If one scrolls down to read what he has to say about the Native-American genocide the author works to deny blame and deflect for settlers that weaponized disease:
It is broadly true though, but also true that not all disease outbreaks are equal.
Bundling loosely related stuff together to make a nice narrative coherence where they can be considered single “events” for the purpose of making nice lists is arbitrary. We never include the 100 million Spanish Flu deaths in WW1 stats and there is no real logic to this compared to other events where we do add in the disease deaths that occurred roughly concurrently.
The idea of lumping together a 400 years process with multiple actors acting in diverse and often competing ways, along with many wars, atrocities, and conflicts and also epidemics of multiple diseases that were primarily just normal epidemics and considering it a single “event” is not really meaningful imo.

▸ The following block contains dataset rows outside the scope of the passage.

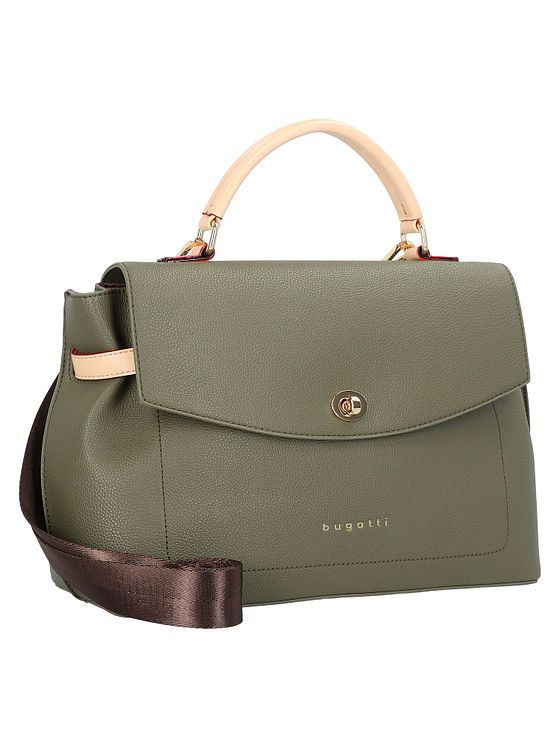 bugatti Ella håndtaske 33 cm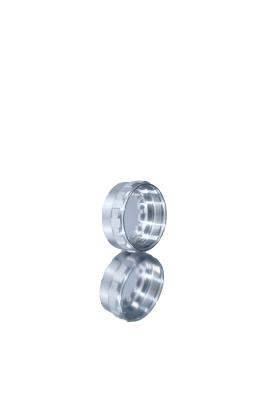 Aluminum CNC Auto Parts Stand Bobbins Swingarm Sliders Spools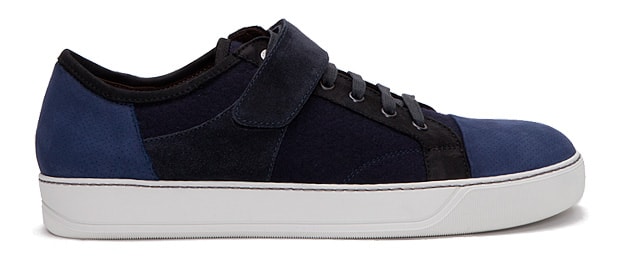 Lanvin 2010 Fall/Winter Footwear Collection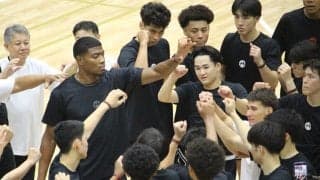 自己表現は必須スキル…参加者“唯一の大学生”が八村主宰プロジェクトで得た気づき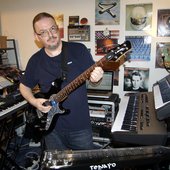 Loomeer Studio Selfie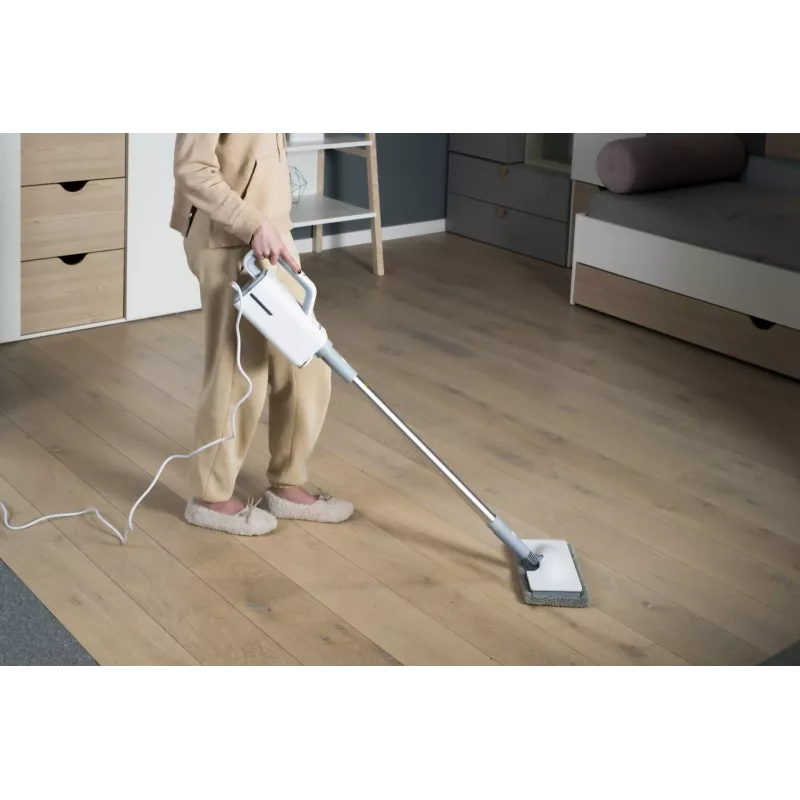 Blaupunkt multifunkčný parný mop STM601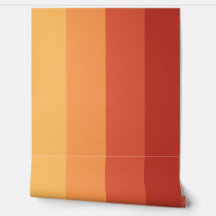 Varm färg - retroskuggor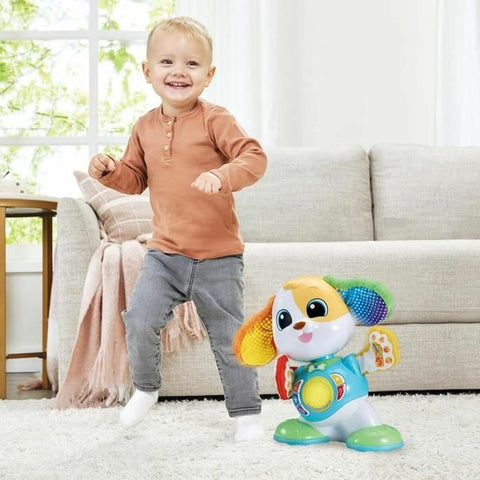 Musical Toy Vtech BOOGIE, DANCE WITH ME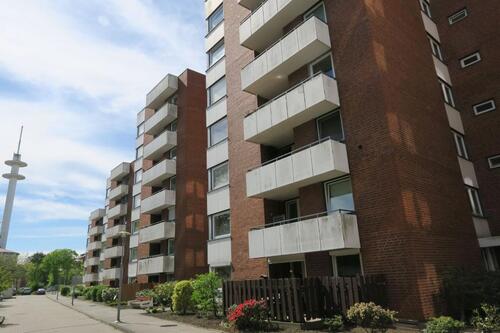 Foto - Exklusive Wohnung am Bürgerpark mit Fahrstuhl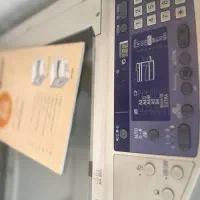 دستگاه کپی شارپar|پرینتر، اسکنر، کپی، فکس|تهران, تهرانپارس جنوبی|دیوار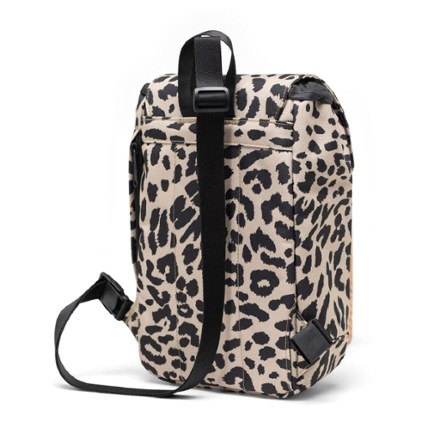 Retreat Sling Bag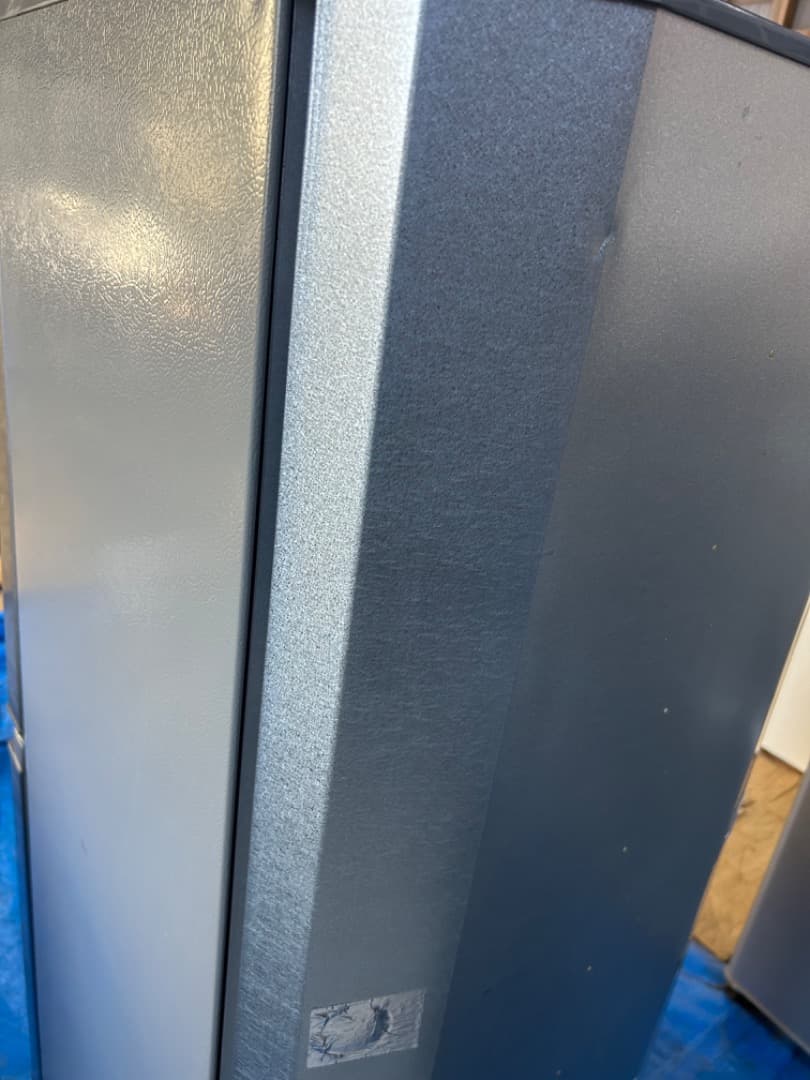 【2018年製】AQUA製 冷凍冷蔵庫　AQR-13H(S)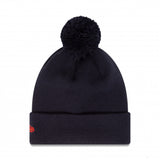 Red Bull Essential Pom Beanie 001 - FansBRANDS®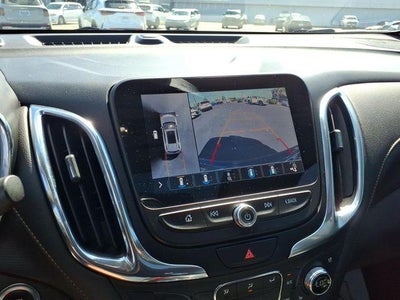 2021 Chevrolet Equinox Premier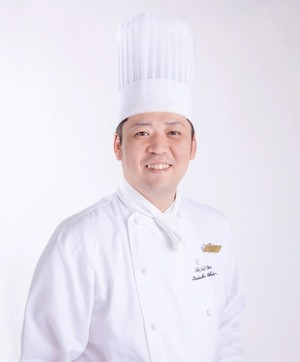 大久保　大輔 氏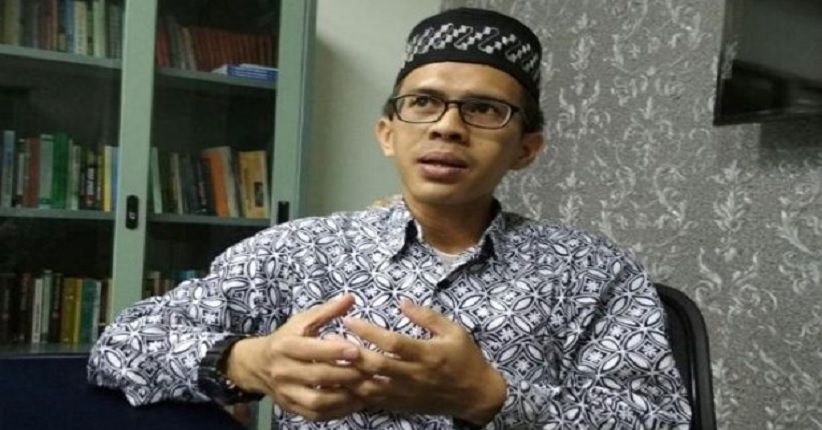 Pengamat: Revisi UU KPK Lemahkan Pemberantasan Korupsi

Someone dying of disease on a forced march across country is very different from someone dying during a natural smallpox or cholera outbreak.
We could put the formation of modern Europe into a period from the 30 Years War through the Wars of Spanish and Austrian Succession and the Napoleonic Wars and into the 2 World Wars and call it the European Wars. Add in some plagues, famines and natural disasters and decide it is the worst atrocity in history with 200-300 million deaths.
But we don’t, because we don’t see this as a single “event” even though it makes about as much sense as treating “The conquest of the Americas” as a single event. As a result we can treat it with nuance rather than trying to force it into a single, named atrocity.